== SOURCE MATERIAL ==

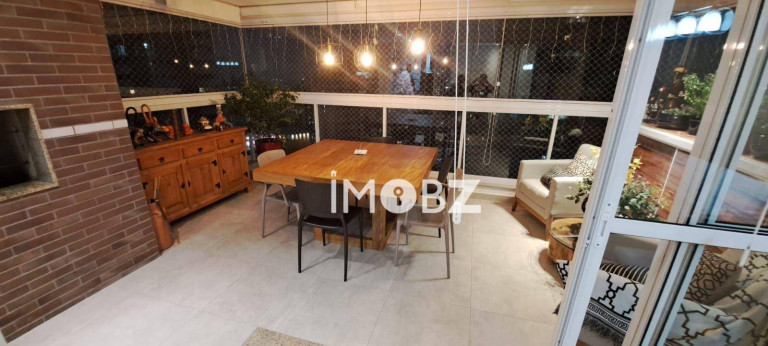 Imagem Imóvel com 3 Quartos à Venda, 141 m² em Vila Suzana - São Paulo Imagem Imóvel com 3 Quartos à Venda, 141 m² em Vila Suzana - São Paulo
--
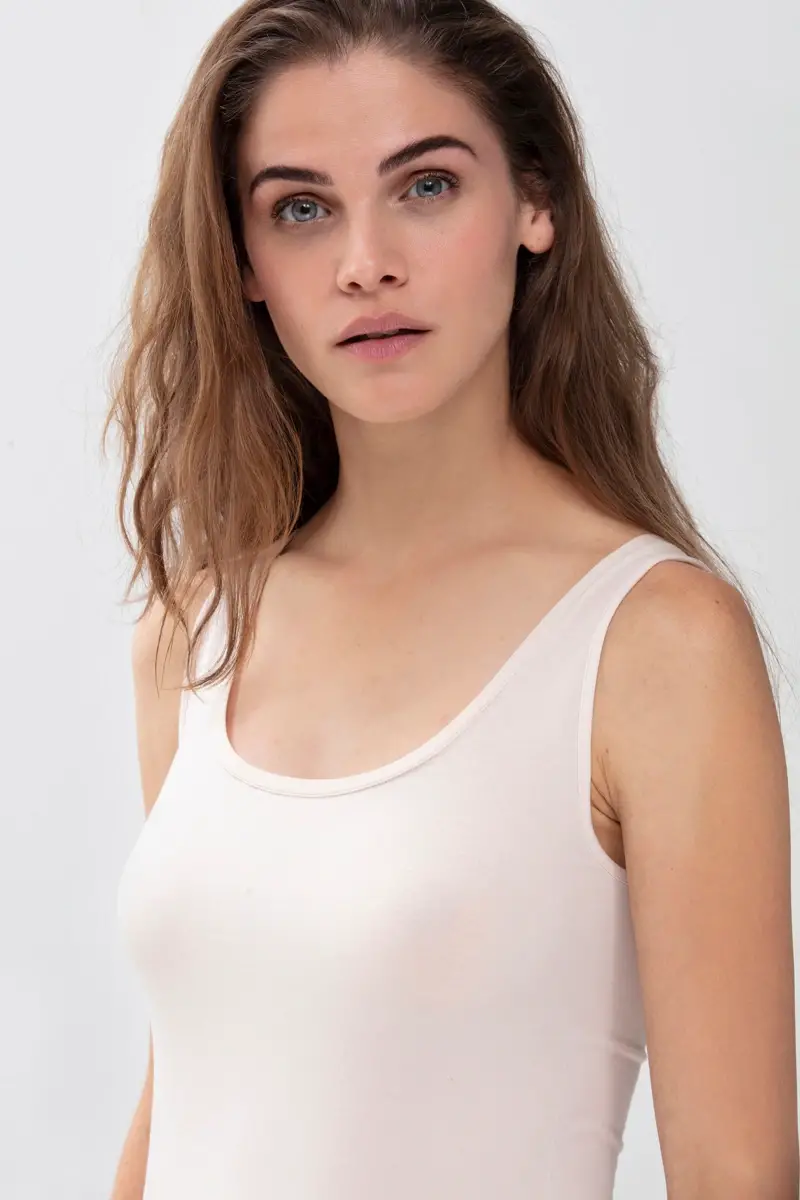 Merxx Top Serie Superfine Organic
--
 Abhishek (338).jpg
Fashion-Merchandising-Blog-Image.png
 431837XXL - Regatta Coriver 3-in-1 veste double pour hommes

== TASK GOAL ==
From the entries above, extract only the lines running from the one containing "Fashion-Merchandising-Blog-Image.png" through the one containing "431837XXL - Regatta", inclusive.

== RESULT OF THIS TASK ==
Fashion-Merchandising-Blog-Image.png
 431837XXL - Regatta Coriver 3-in-1 veste double pour hommes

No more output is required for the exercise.